United States Bankruptcy Court, D. Oregon
Jan 7, 2000
Bankruptcy Case No. 697-61956-fra13 (Bankr. D. Or. Jan. 7, 2000)

Opinion

Bankruptcy Case No. 697-61956-fra13.

January 7, 2000


MEMORANDUM OPINION


The State of Oregon has moved to dismiss this case pursuant to Bankruptcy Code § 1307. The Court finds that, while cause for dismissal does exist, the case should not be dismissed so long as certain conditions are met.

I. BACKGROUND

Debtor filed her petition for relief under Chapter 13 of the Bankruptcy Code on April 7, 1997. Her plan of reorganization was confirmed by an order filed on June 26, 1997.

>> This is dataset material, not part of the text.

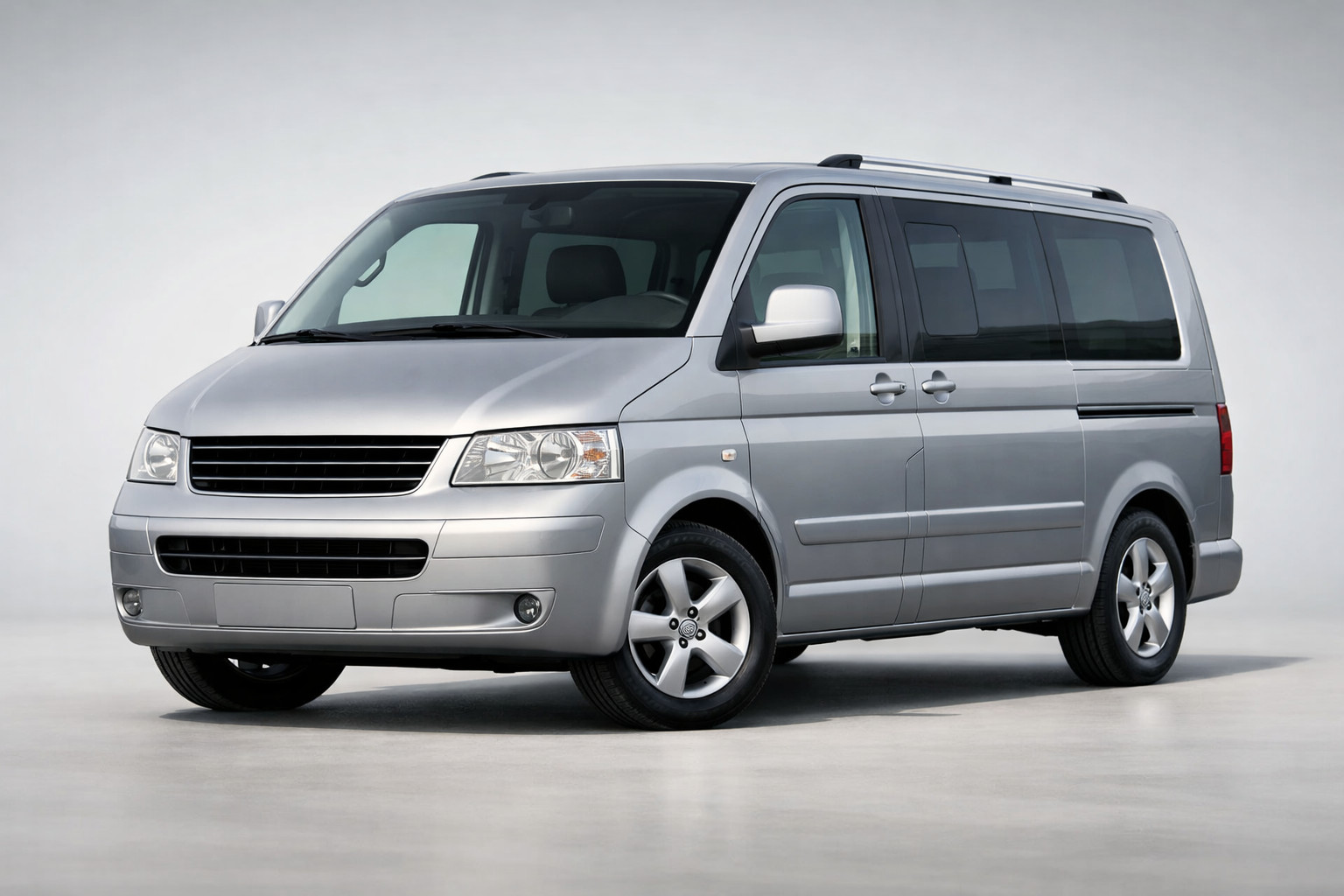 Volkswagen T5 Multivan 2003–2010: bus, który nadal trzyma rynek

Debtor's schedules revealed minor debts owed to taxing authorities. The confirmed plan provides that these priority debts would be paid in full. None of the holders of nonpriority unsecured claims receive any payment.

$540 to the Internal Revenue Service for 1996 income taxes, and $50 to the Oregon Department of Revenue for 1996 income taxes.

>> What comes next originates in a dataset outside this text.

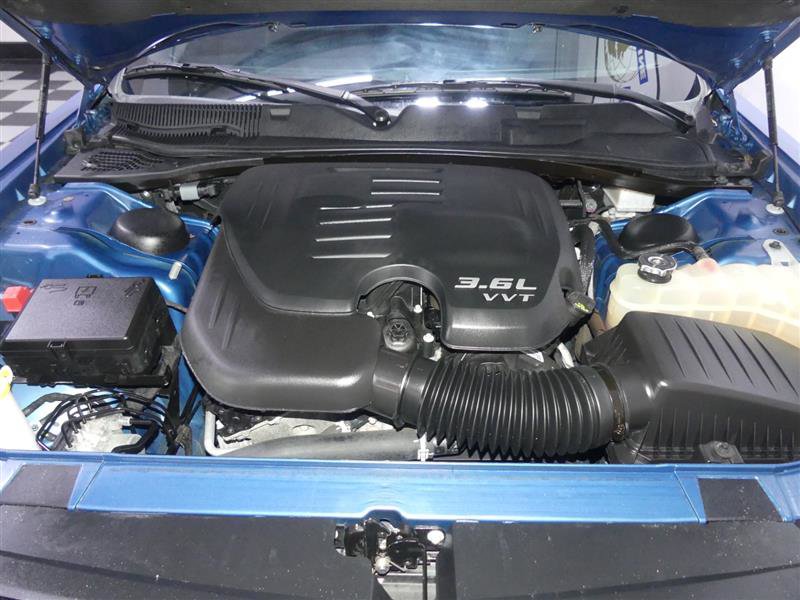 Used 2020 Dodge Challenger SXT w/ Plus Package image 12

The order confirming the plan provides, in pertinent part, that:

2. The debtor shall incur no credit obligations during the life of the plan without the trustee's written consent unless made necessary by emergency or incurred in the ordinary course of operating the debtor's business. . . .

3. The debtor shall during the life of the plan timely file all required tax returns and provide copies of all tax returns to the trustee each year immediately upon filing with the taxing authority.

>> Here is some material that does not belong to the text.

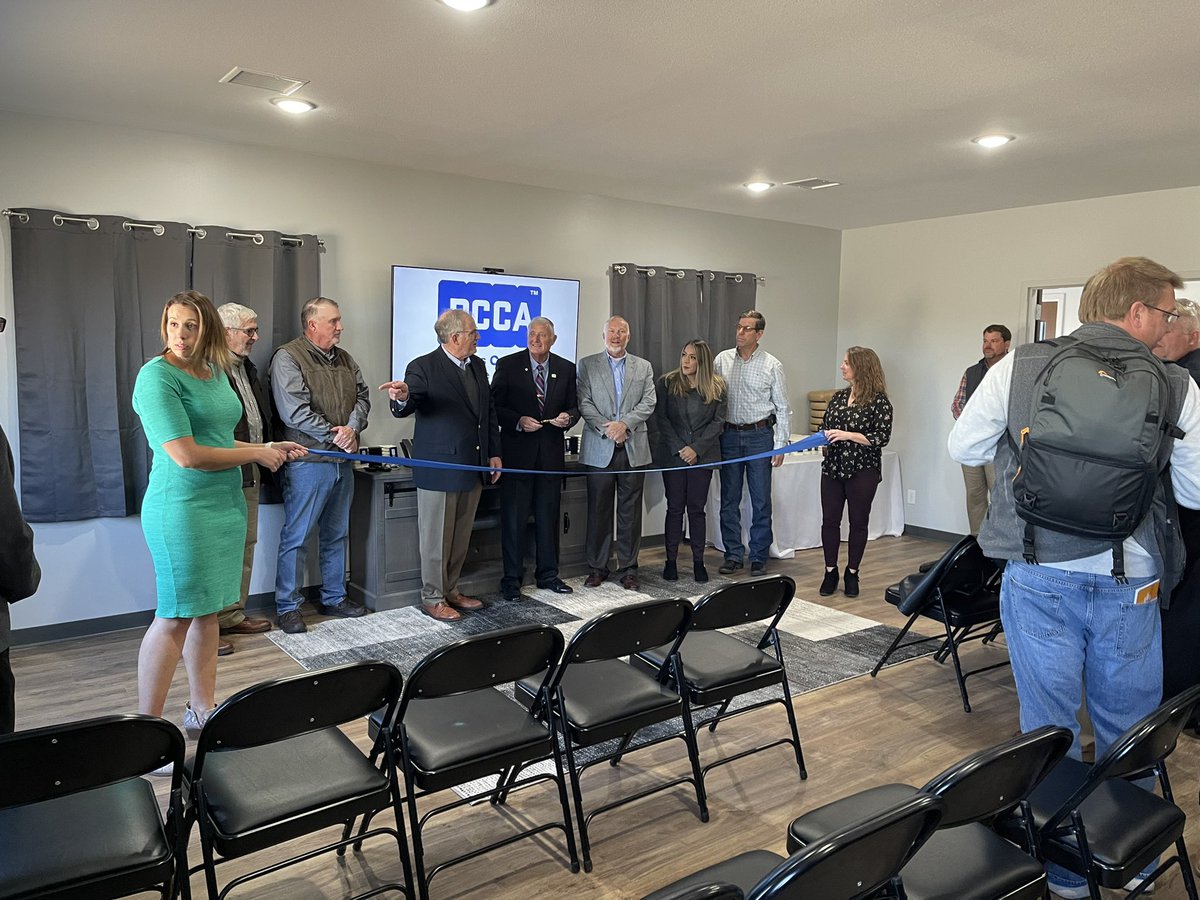 KSCoopCouncil's tweet photo. Congratulations to @PlainsCotton on the opening of their newest warehouse in Clearwater, KS! Did you know one bale of finished cotton can produce 800 bath towels! #kscoops https://t.co/AHpUgAC06B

Debtor has failed to pay postpetition income taxes due for the tax year 1997. The State of Oregon has moved to dismiss the case pursuant to Code § 1307, on the grounds that the Debtor's failure to pay taxes violates the provision in the confirmation order prohibiting Debtor from incurring "credit obligations." The State further asserts that Debtor's failure to obey state law is a violation of 28 U.S.C. § 959, and is therefore further cause for dismissal under § 1307. The Debtor's response avers that failure to pay postpetition income taxes is not grounds for dismissal of the case, and, further, that the failure to pay taxes does not give rise to a "credit obligation." The Debtor further alleges that the tax obligation was incurred in the ordinary course of her business.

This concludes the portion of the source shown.